My marks were Philip Miller and John Parsons. Their work had something to do with space research.
“What kind of space research?” I said, frowning. “You mean for business expansion?”

“Hey, that’s right.” He pointed the cigarette at me. “Business expansion. But the business is space—outer space.”

My phone rang. The voice on the other end was accusatory. “You were supposed to pick me up ten minutes ago for the orthodontist.”
Since he’d become a teenager, my son Hal addressed me in one of three tones of voice—bored, superior, and disgruntled. He’d found it harder to manage since he’d acquired a mouthful of metal and rubber bands, but not impossible.
I pretended to check my desk calendar and make a notation. “Yes, that’s fine,” I said. “I’ll be there.”
“I’m going to be late for the orthodontist,” Hal said.
“That’s all right. Happy to help out. Thanks for calling.” I hung up and raised my eyes to my visitor. “Where were we?”

“Space.”
“I don’t know anything about that,” I said.
“I don’t, either,” he said. “But there’s business involved and a lot of money. That’s all you have to know.”
The two men were due to arrive the following Tuesday at Houston International. He didn’t know the time or the flight, but he gave me photographs of the men. The photographs looked like my kind of photograph—stuff taken with a telephoto lens when the subject didn’t know he was being photographed.
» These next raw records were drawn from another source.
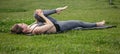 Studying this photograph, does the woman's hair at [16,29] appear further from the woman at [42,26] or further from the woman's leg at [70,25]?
the woman's leg at [70,25]

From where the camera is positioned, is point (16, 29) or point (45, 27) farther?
point (16, 29)

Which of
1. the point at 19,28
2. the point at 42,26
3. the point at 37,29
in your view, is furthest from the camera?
the point at 19,28

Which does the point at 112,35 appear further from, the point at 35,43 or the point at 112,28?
the point at 35,43

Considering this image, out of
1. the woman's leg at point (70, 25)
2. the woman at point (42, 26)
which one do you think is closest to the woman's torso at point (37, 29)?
the woman at point (42, 26)

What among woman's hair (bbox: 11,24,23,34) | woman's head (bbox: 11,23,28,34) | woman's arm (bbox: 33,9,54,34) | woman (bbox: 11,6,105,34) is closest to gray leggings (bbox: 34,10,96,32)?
woman (bbox: 11,6,105,34)

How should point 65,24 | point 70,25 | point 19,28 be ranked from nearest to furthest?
1. point 19,28
2. point 65,24
3. point 70,25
He glanced out the window next to the one with the air conditioner. City buildings gleamed in the rain, but there wasn’t much else to look at except the Weather Ball on top of the Texas National Bank, which blinked to show that precipitation was expected. It didn’t matter to him; he was blowing town anyway, the sooner the better.
He counted out four twenties and laid them on my desk. “That enough to get you started?” he asked. I nodded. He told me he’d come back in a week at the same time.

He was already swabbing the back of his neck with the wet handkerchief as he stood up.

“What if I have to get in touch with you before then?” I said.
“Save it.” He turned his back and headed for the door.

I stood at the window and watched him emerge from the building downstairs, his raincoat over his head like a pup tent. The Chinese laundry on the first floor was kicking up a lot of steam, and he gave it a wide berth, stepping gingerly to keep his Italian leather shoes out of the puddles. Then he disappeared around the corner, so I didn’t get to see his car, if he had one. It was probably a rental, anyway. I had already decided that tailing him at this point was a losing proposition. He’d paid me enough to start the work he wanted me to do, but not enough to give me the trouble of tailing him.

Besides, I had a date with my surly teenaged son. I pocketed the twenties and hoped that my daughter’s teeth all stayed as straight as a drill sergeant.